Sep 18 07:08:54 runner-rmtk68xb-project-107-concurrent-0 2023-09-18 07:08:54,860 (MainThread) uvicorn.error:INFO on:78:  Application shutdown complete.

In summary: after the switch disconnects (while a flow stats requests was pending from reply), the of_core keeps waiting for the reply of the old request, until a point where it eventually clear the existing request and send a new one. Switches seems to discard flow stats requests that were sent before the switch reconnects to controller, so I believe it is safe to clear flow stats request after a switch reconnects.

Ccing @viniarck to also hear his opinion on that.

viniarck commented 11 months ago

@italovalcy, thanks for reporting this and your analysis.

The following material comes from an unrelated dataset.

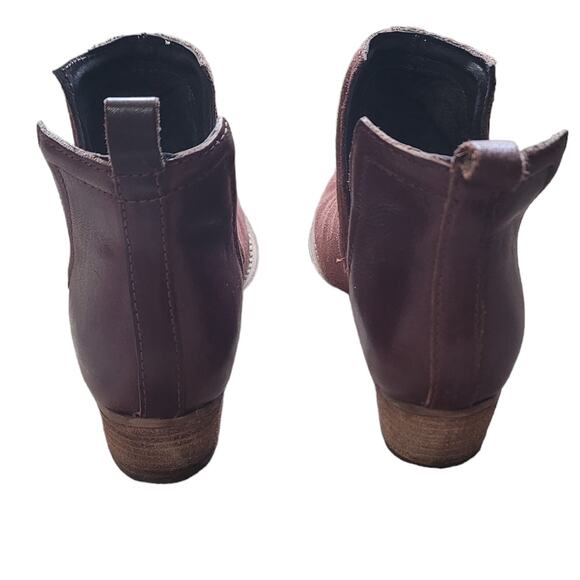 DIBA.True Brown Cut Out Leather Ankle Booties Women's Size 6 - Picture 9 of 14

We have a clean up when a KytosEvent ".*.connection.lost" is received, and we're safely keeping a reference to the switch. However, what probably happened was the task was scheduled in the event loop but hasn't been executed yet, and then the new handshake happened and ended up in this case. Yes, indeed, it'd be safer to actually do a clean up right before setting the connection as established, up to that point the switch isn't "is_connected()" yet (and handshake event hasn't been published yet), so it should be safe before any flow stats request is sent.

I'll push a fix for this soon. Thanks.